It's a lovely cool day here are Benchmark stadium. I'm Pat and next to me is Chris. We will be covering the exciting competition between the OjC JSON library and the Simdjson JSON parsers as they challenge each other in multiple events.
All the events will take place in the Benchmark stadium and the surrounding town which covers 16GB of memory and a Kingston 240GB SSD. A 12 core Intel i7-8700 clocked at 3.20GHz supporting Ubuntu 18.04 will keep the parsers going. I'm sure the town's modern utilities will allow the runners to demonstrate their prowness.
Lets look at whats on the schedule for today. The first event, as might be expected is a look at the qualifications of each contestant. Each parser must be a validating parser that checks basic structure as well as validating UTF-8 and numbers. Following the qualification confirmations the parsing begins. The courses range from short 44K sprint and go up to a 20GB half marathon. Different handicaps are applied to see how well each parser handles added processing load. More on that later. Each race is designed to represent a real use case. Additional build and write events have been cancelled for today as the Simdjson team was not able to field contestants in those events and it wouldn't be very exciting to watch a single OjC contestant participate in those events.
Each event is kicked off by the compare
application
that lets each team pick a parser to compete in the event. The team
application is given a course to run (file to parse), a method to use
(loading), and the number of laps (iterations) to run. The results are
collected and placed on the score board.
Now lets look at the teams. Chris, can you tell us about the teams we have here today?
Sure Pat, with pleasure.
Lets look at team OjC v4.0.1 first since this is their home town. Team OjC has quite a few atheletes here today. They are supported by Pete Ohler, the coach and by a recent contributor for a rather small team. The athletes on the team tend towards being longer distance runners (parsers). Vicky validator will be running the validation benchmarks while Pamela Parser, the other sprinter on the team will be the OjC entry for the 44K parse. For the longer 1GB, 10GB, and 20GB races Peter Paul Parser, also know as Triple-P, will take on the challengers for the lightly loaded courses and Porter Parser will take up the torch for the heavier loaded races. Bob the builder and Whitney the writer will be taking the day off since team Simdjson is not fielding a builder or writer today. That pretty much rounds out the OjC team for today. For further reading about team OjC take a look at the API documenation.
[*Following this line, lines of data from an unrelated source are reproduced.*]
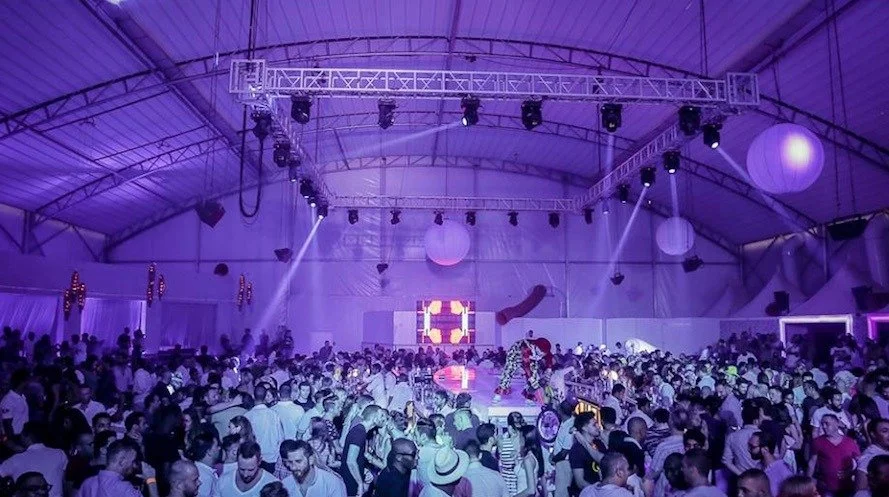 Large retractable soft-top roof system transformed into a concert-style venue with professional lighting and sound.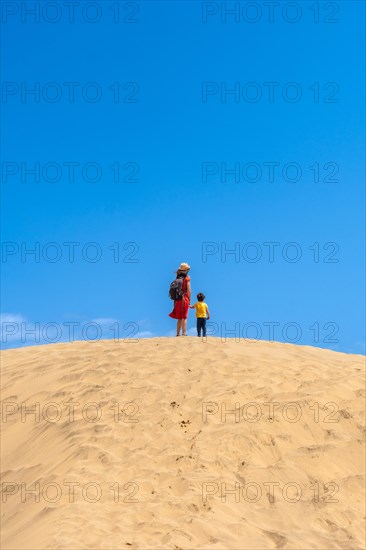 Mother and child smiling in the dunes of Maspalomas in summer, Gran Canaria, Canary Islands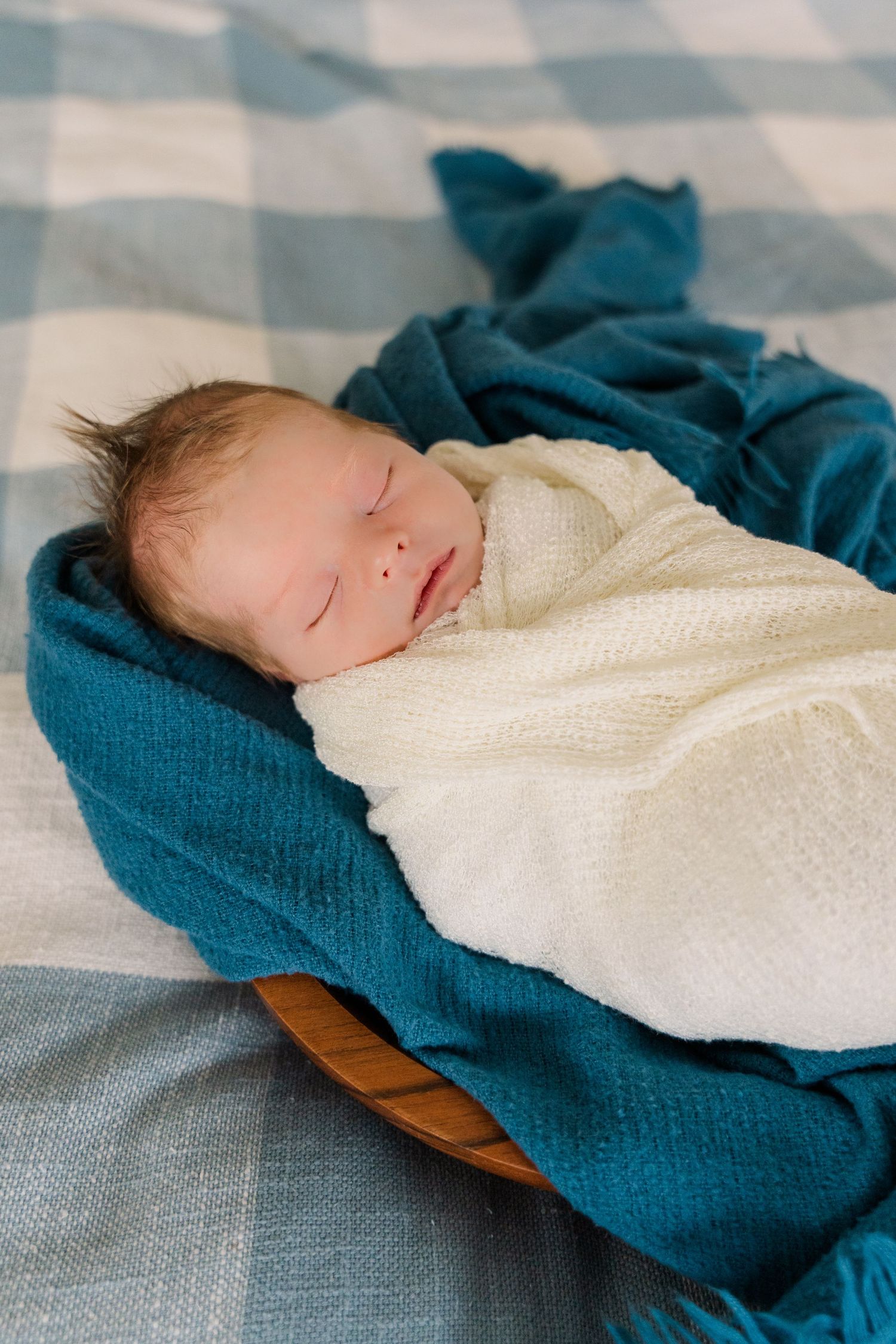 Sleeping newborn wrapped in white swaddle on blue plaid bedding.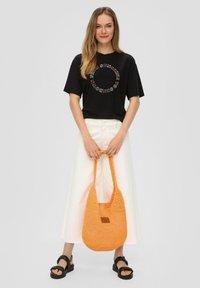 Zwarte T-shirt met cirkelvormige graphic, witte denimroker, oranje gehaakte tas en zwarte platform sandalen; heeft een ontspannen pasvorm en een textuur oppervlak.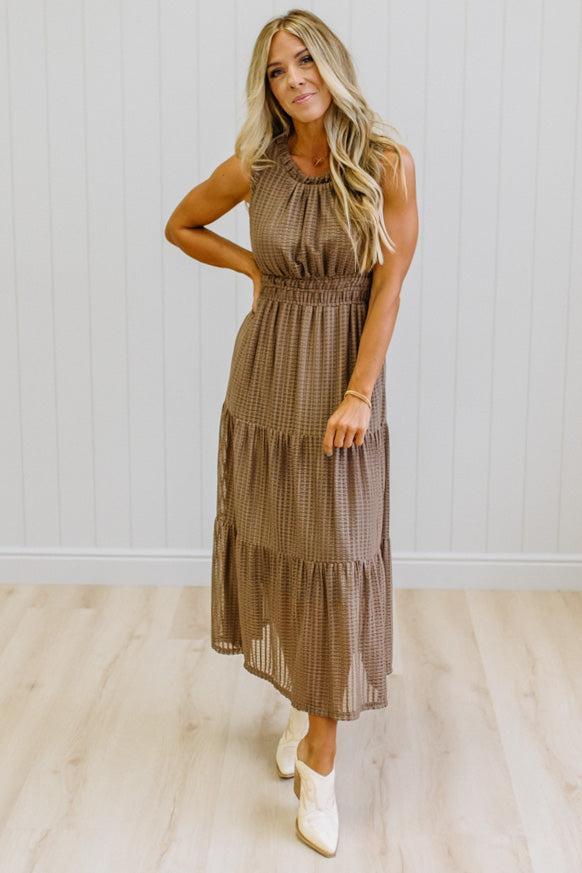 A woman modeling a sleeveless brown tiered midi dress with a subtle gingham pattern, paired with white ankle boots, standing in front of a white paneled wall and light wood floor.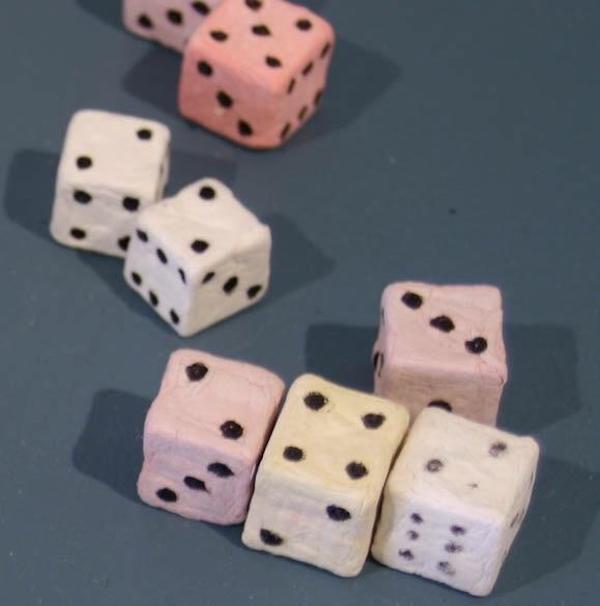 Playing dice made out of toilet paper.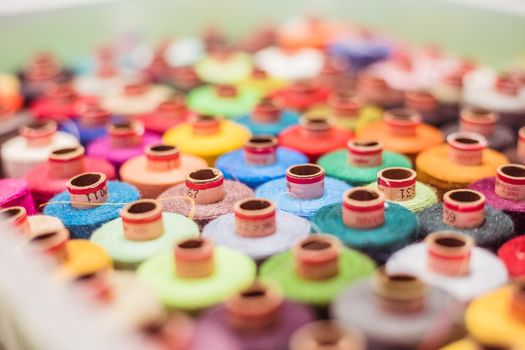 Variety of colorful sewing threads, birds eye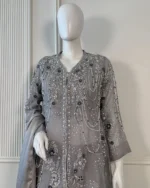 Grey organza Pakistani bridal suit on mannequin with silver zardozi embroidery, pearl bead chain drape and 3D navy floral appliqué front upper body view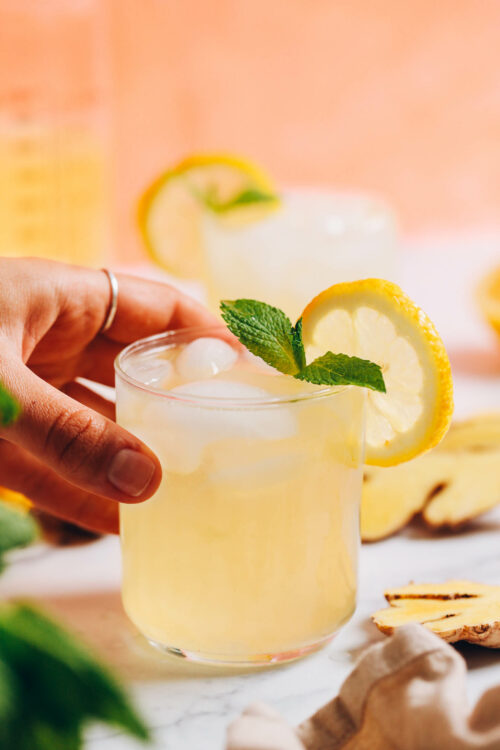 Hand holding a glass of homemade ginger lemonade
On the other side of the stadium we have team Simdjson v0.5.0. They enter the field with two parsers, Milly, an in memory parser that will compete against Vicky and Triple-P in the sprints and Manny who will take on the OjC long distance parsers. Backing up the parsers are two head coaches and a huge support team of another 61 members. They are confident after their earlier sprint results. It will be interesting to see how the claims of more than 2GB per second holds up on different courses.
With the teams covered, back to you Pat for the start of the qualifying rounds.
It is expected that each contestant will qualify although not long ago the Simdjson parsers were a bit lax with numeric parsing. They claim to have tightened up the numeric parsing though so we should expect no issues with both teams qualifying.
The results are just coming in from the validation tests. Lets see if our expectations were on the money.
Test | oj | simdjson |
---|---|---|
Valid unicode | ✅ | ✅ |
Valid UTF-8 | ✅ | ✅ |
Detect invalid UTF-8 | ✅ | ✅ |
Large exponent (309) | ✅ | ❌ |
Larger exponent (4000) | ✅ | ❌ |
Large integer (20+ digits) | ✅ | ❌ |
Detect invalid (192.168.10.100) | ✅ | ✅ |
Detect invalid (1e2e3) | ✅ | ✅ |
Detect invalid (-0.0-) | ✅ | ✅ |
Detect invalid (uuid) | ✅ | ✅ |
Both teams passed the structure, unicode, and UTF-8 tests with flying colors. The numeric validations tests are not so clear though. It seems Simdjson is limited to a 64 bit double and rejects or ignores values or digits that fall outside that space. Without big number support it falsely reports errors on what are commonly referred to as big numbers or big decimals. The judges are discussing whether that will be a show stopper for todays events. It could certainly be an issue for some scientific data use cases. Team OjC on the otherhand supports up to a long double and then reverts to it's own version of big numbers giving it a solid acceptance in the qualification tests.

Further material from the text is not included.